Cette portion de terrain appartenant à la Ville située entre deux résidences de Chicoutimi-Nord est laissée à l’abandon depuis des mois.

Il y a quelques années, Saguenay a décidé de sévir contre les citoyens qui utilisent des portions de terrains appartenant à la Ville.

« On a passé un règlement effectif à partir du 1er janvier 2015, car des gens occupaient des domaines publics. Il y avait des cas d’occupation lourde, par exemple où des remises ou des piscines étaient installées sur nos terrains, mais aussi des cas légers, comme des terrains qui avaient été tondus ou encore où il y avait des choses de façon temporaire », explique Marie-Hélène Lafrance, porte-parole de la Ville.

Cette dernière affirme que trois raisons expliquent la décision de Saguenay d’agir. « Il faut être juste envers tous les citoyens, sinon certains jouissent de biens communs sans avoir payé pour une superficie. Il y a aussi une question d’assurance et de responsabilité. S’il arrive quelque chose sur le terrain, les gens ne sont pas assurés. Finalement, il y a aussi une volonté de préserver les biens communs, des espaces verts et des milieux humides », énumère-t-elle.

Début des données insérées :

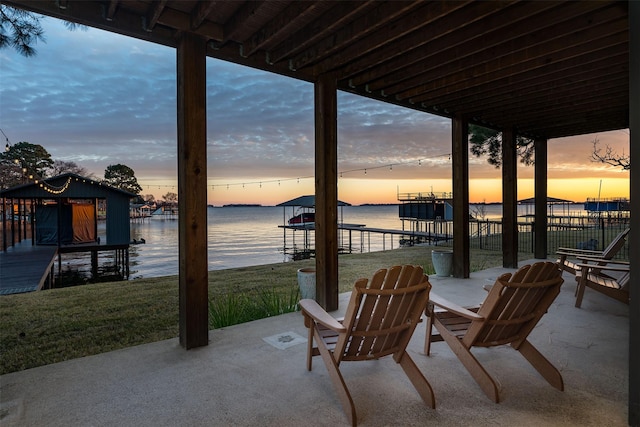 patio terrace at dusk featuring a dock and a water view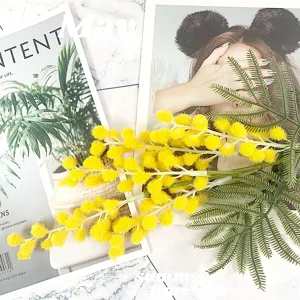 Gros plan de branche de mimosa jaune artificielle, fleurs pompons floquées pour déco.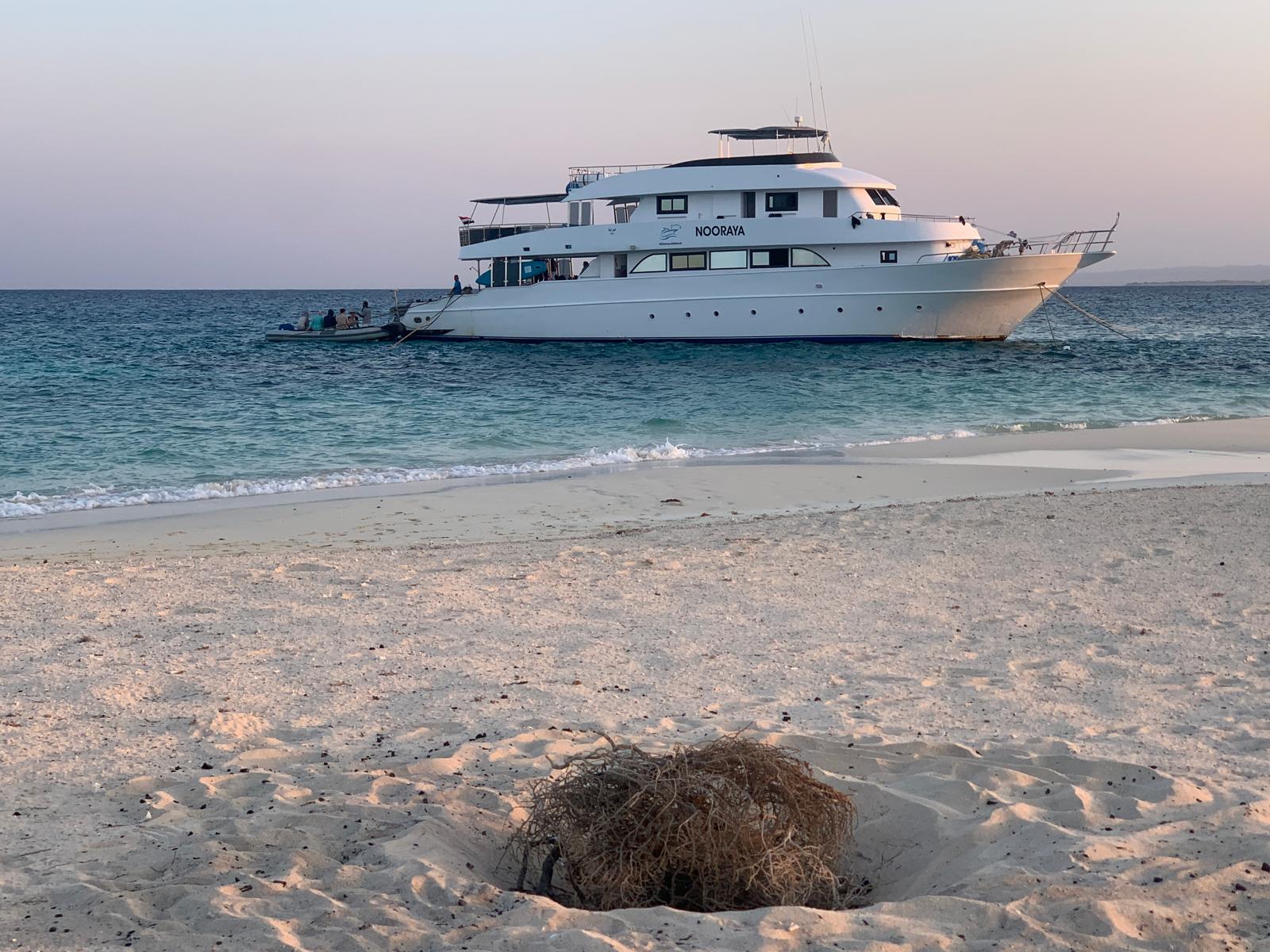 The Nooraya anchored off a sandbank at dusk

Refusant de payer pour assurer une portion de terrain qui le leur appartient pas, les propriétaires d’une résidence ont cessé d’entretenir une bande de gazon collée à leur propriété.

Le dossier de Louis Cyr et de Suzanne Boucher fait partie des cas légers. En octobre 2018, ils ont reçu une lettre les informant du fait qu’un dossier avait été ouvert concernant leur utilisation de deux parties de terrain. Le couple n’a fait aucune construction permanente sur le terrain ne lui appartenant pas, mais il entreposait des objets, notamment du bois, sur la portion située à l’arrière de leur propriété. La section qui fait environ cinq pieds par 100 pieds et qui longe leur propriété, ce que la Ville appelle une passerelle, était pour sa part inoccupée, mais entretenue.

Saguenay ne peut commenter ce dossier en particulier, mais Marie-Hélène Lafrance explique que dans certains cas, des propositions sont faites aux citoyens.

« On essaie de s’entendre avec les propriétaires. Généralement, soit ils achètent le terrain, soit ils continuent de le tondre, mais ils doivent avoir une assurance responsabilité civile qui couvre cette portion de terrain. S’ils se blessent en tondant, la Ville n’est pas assurée. La Ville ne veut pas être responsable en cas d’accident. »

Le couple a refusé les deux options.

Il a donc bénéficié de quelques mois pour retirer les objets entreposés sur la portion arrière du terrain. Quant à la partie du côté, elle doit maintenant être laissée dans son état naturel.

L’assureur du couple demande un montant d’environ 16 $ par année afin d’assurer cette portion supplémentaire de terrain.

« On refuse de payer, même si ce n’est pas cher. Ça fait 26-27 ans qu’on entretient ce terrain gratuitement. Si ça leur appartient, qu’ils viennent le tondre. On a déjà payé des frais pour l’ouverture et la fermeture de notre dossier. On ne veut plus payer. »

Effectivement, des frais de 400 $ ont dû être assumés par les résidants.

« Quand on se rend compte que quelqu’un occupe un terrain, des frais administratifs de 250 $ sont tout de suite engrangés. Les gens profitent de cet endroit, on considère que ç’a une certaine valeur. Il y a aussi des frais de 150 $ de fermeture de dossier puisqu’il faut se rendre sur place pour vérifier si tout est conforme », explique Marie-Hélène Lafrance.

En attendant, le gazon continue de pousser à proximité de la résidence. « Ce n’est pas beau du tout. Les gens qui passent devant la maison se demandent pourquoi on laisse aller le terrain », déplore Suzanne Boucher.